The Coexistence Trust
- Formation: 2005
- Founder: Greville Janner, Prince Hassan bin Talal
- Formerly called: The Political Council for Coexistence

= The Coexistence Trust =

Interfaith organization based in the United Kingdom

The Coexistence Trust is an organisation founded in 2005 by Lord Janner of Braunstone and Prince Hassan of Jordan. The body was originally named The Political Council for Coexistence.

==Purpose and mission==
A network of senior Muslim and Jewish political leaders worldwide with its headquarters in London, UK, the trust provides a bridge across the political spectrum to combat Islamophobia and Anti-Semitism wherever it may be found in the world. The trust uses its level of access to intervene at the highest levels of government whenever and wherever there are racist attacks against Muslims or Jews.

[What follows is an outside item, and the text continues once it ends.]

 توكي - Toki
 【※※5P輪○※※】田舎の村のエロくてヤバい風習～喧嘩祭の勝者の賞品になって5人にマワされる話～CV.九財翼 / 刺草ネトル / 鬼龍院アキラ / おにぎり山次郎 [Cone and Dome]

The trust believes that with political authority comes the responsibility to be sensitive to the role of religion in public life. Therefore, the trust regularly arranges private meetings between leaders from the spheres of religion and politics to discuss contemporary issues. In addition to its membership, The trust has a distinguished group of patrons. These are among others, eminent personalities from the Abrahamic faiths.

The Coexistence Trust's mission is to strengthen mutual understanding between Jewish and Muslim communities worldwide and to provide an enlightened centrist platform for Muslim and Jewish political leaders to combat Islamophobia and Anti-Semitism at senior levels. It envisions a world in which the dialogue between Muslim and Jewish leaders is collaborative, open, respectful and focused on the benefit of society as a whole.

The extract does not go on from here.